Hi,
Recently I installed Fedora 9 on the following hardware
- Asus A8N-SLI Deluxe motherboard bios version 1805
- 2GB twinmos ram
- AMD 4400 CPU
- Tagan PSU 550 W
- Asus EN6200LE video card
- WD 74 GB Raptor
- Areca ARC-1222 raid controller
- 4x 1TB Seagate Baracudas
- Symbios Logic 53C875J SCSI controller card (made for Compaq)
- HP surestore DAT40 tape drive
Fedora installed, booted and worked fine for a couple of days. With yum I installed all relevant updates.
Trouble started when using Amanda for the first backups to tape. Amanda would work ok a few times, but then
the entire machine crashed. I mean really crashed. The machine would not get through the bios post.
So I cleared cmos by removing battery , setting jumper appropriately and a wait for 15 secs. No avail, motherboard dead.
I ordered a replacement identical motherboard and put everything back together. Linux boots fine and I did not touch Amanda
for a week. All was well, so I thought. I used the machine intensively, copying over 1 TB of data to the raid array, installing
Horde packages and all kinds of other fun stuff. No problems what so ever.
I did look through the logs obviously. The only entries of note were related to the scsi controller card. A couple of
SCSI bus resets just prior to the crash. I did find a few articles from 2005 on the net about 53c8XX driver problems:
Please fix bug #1852 (hald causes SYM53C8xx SCSI errors, device disconnects + GNOME hang). Surely this problems was fixed a long time ago ?

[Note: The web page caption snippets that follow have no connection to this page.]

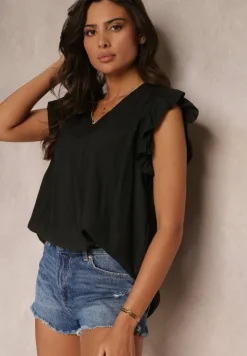 Czarna Bluzka z Metaliczną Nitką i Falbankami Dollitta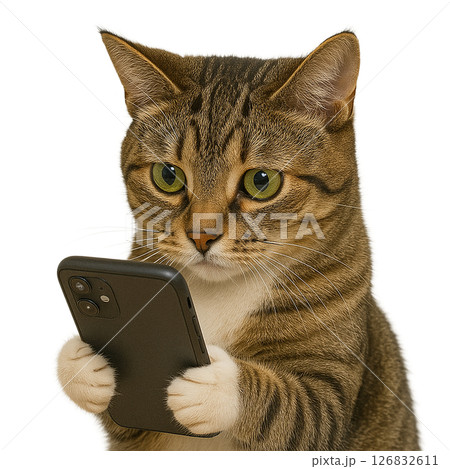 スマホを覗き込むタビー猫のポートレート 126832611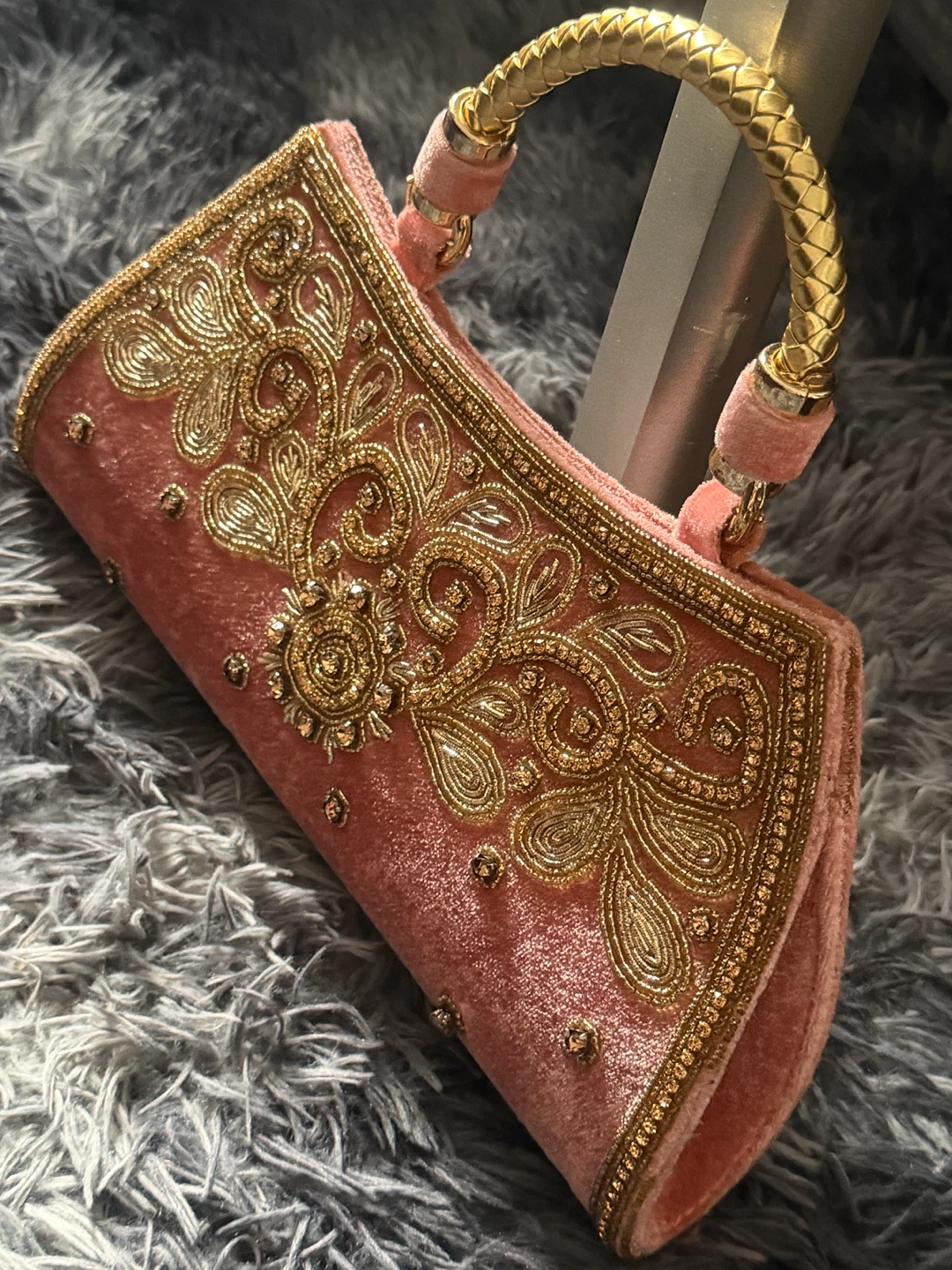 Pink Embroidered Clutch Handbag with Gold Handle - photo 4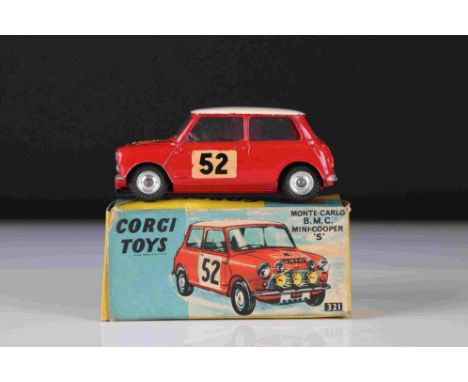 Boxed Corgi 321 Monte Carlo BMC Mini Cooper S diecast model in red, race number 52, decals vg, diecast vg with minor pain chi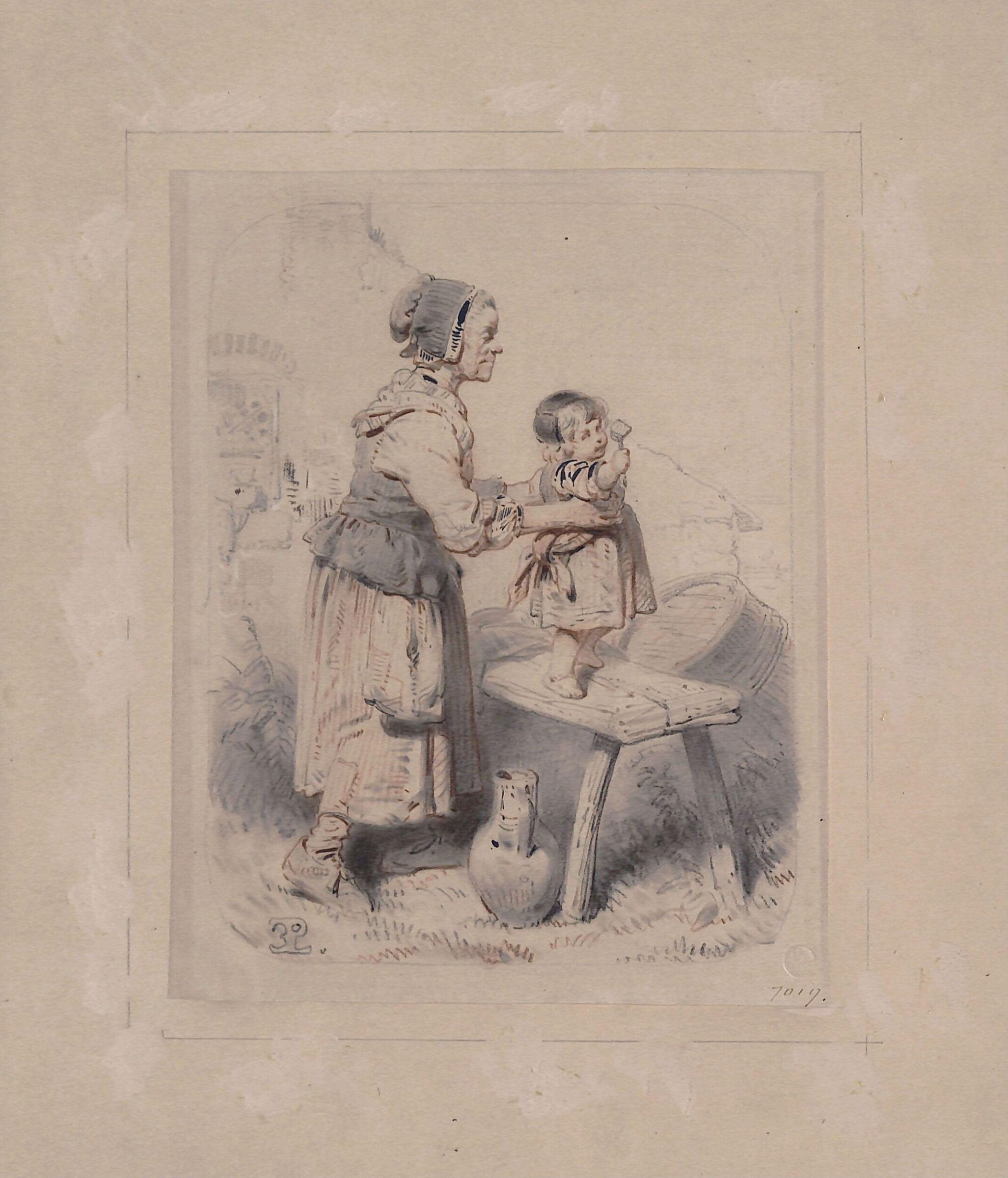 Old Woman and Child, Eugène Modeste Edmond Lepoittevin, ca. 1825-70
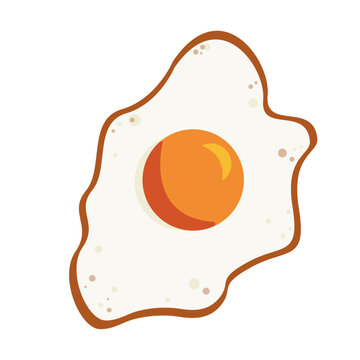 recommend clip art: Fried egg icon. Fried egg vector illustration in cartoon style isolated on white background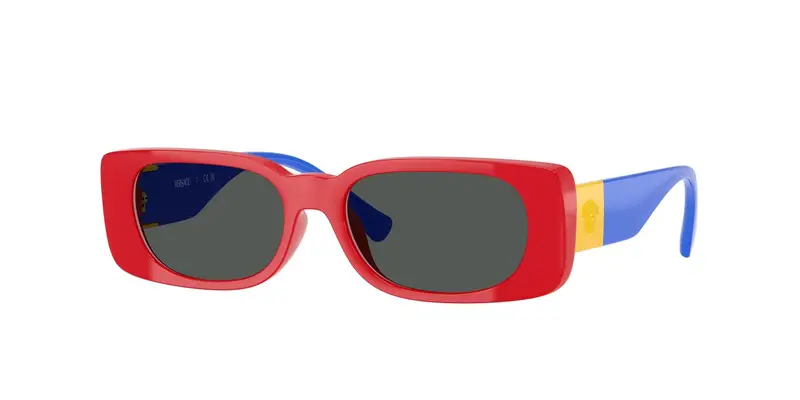 Versace Bambino VK4003U  506587 Occhiali da sole Iniettato Rosso Grigio Squadrata Normale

For double measure I also checked all termination caps and scsi cables.
I am pretty sure, but not absolutely sure, these resets were related to the 53c875J scsi controller card and not to the
Areca raid card. Anyhow, I had no problems with the raid array at all, even when using it intensively.
The next weekend I ran an Amanda backup again. Two amflush jobs went fine, so old backups on holding disk were flushed to tape ok.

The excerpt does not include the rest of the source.